I'm sorry, I have to ask: can you think of a *more* obvious and straightforward way to count the number of bits in a int than the one you quoted? Because personally, I would find *that* amazing.

[scarecrovv]

Have you ever seen an algorithm that just blew your mind and made you wonder how it was ever thought of? For example I find the following one amazing:

Code: Select all

static int bitCount(int a){int b=0;while(a>0){a&=a-1;b++;}return b;}

I'm sorry, I have to ask: can you think of a *more* obvious and straightforward way to count the number of bits in a int than the one you quoted?
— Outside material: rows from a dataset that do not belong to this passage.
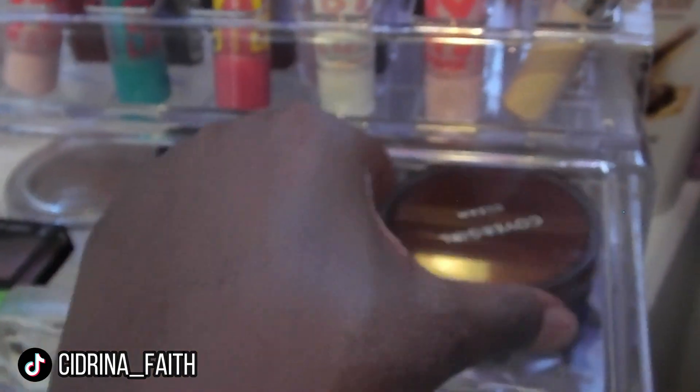I need to put some pressed powder on. It's been a while since I've been through this so I kind of forgot where I put everything. I'm using my elf powder brush and I'm just applying it all over my face. Honestly, this video is so ratchet — someone help me — but you know what, I started it so let's finish it.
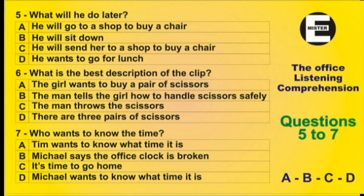Question 6. Please throw that pair of scissors to me. That isn't safe. I will walk over and pass them to you.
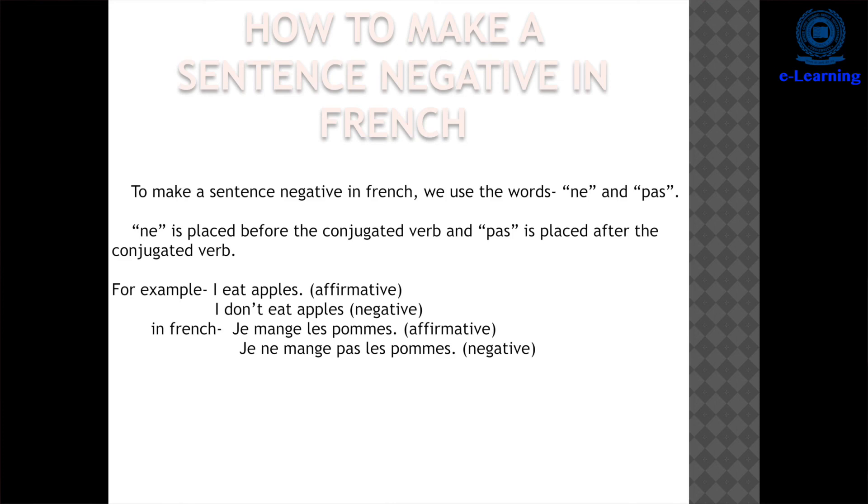Then we have 'n'est-ce pas', which means 'is it not?' or 'don't you?' — used as a tag question. For example, 'Tu aimes le français, n'est-ce pas?' means 'You like French, don't you?'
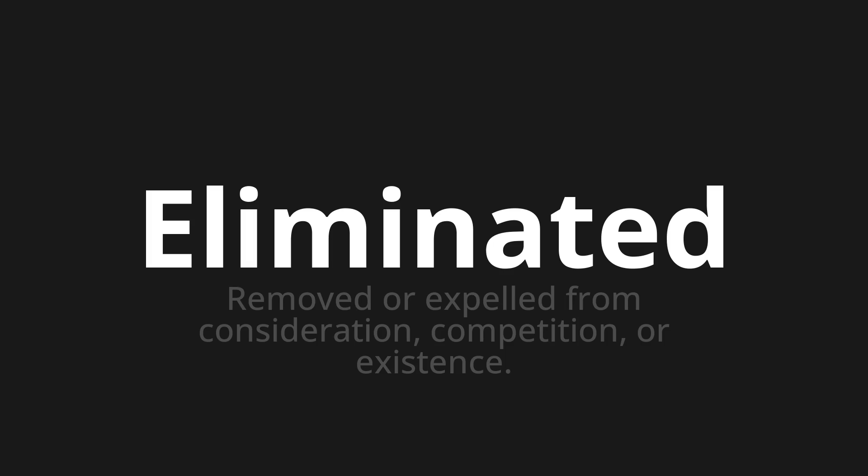Thank you for joining us on this adventure in pronunciation. Remember, language is a journey, not a destination. Keep exploring, experimenting, and expanding your linguistic horizons. We'll see you next time.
Because personally, I would find *that* amazing.

Well the most obvious and straightforward way is:

Code: Select all

b = 0;
while (a > 0) {
  if (a & 1) {
    b++;
  }
  a = a >> 1;
}

You've got to admit that the a&=a-1 optimization is clever.

[shawnhcorey]

I'm sorry, I have to ask: can you think of a *more* obvious and straightforward way to count the number of bits in a int than the one you quoted? Because personally, I would find *that* amazing.

Code: Select all

while( a > 0 ){

    /* add one if a is odd, add zero otherwise */
    b += ( a & 1 );

    /* divide a by 2 */
    a >>= 1;

}

[troyp]

Well the most obvious and straightforward way is...
You've got to admit that the a&=a-1 optimization is clever.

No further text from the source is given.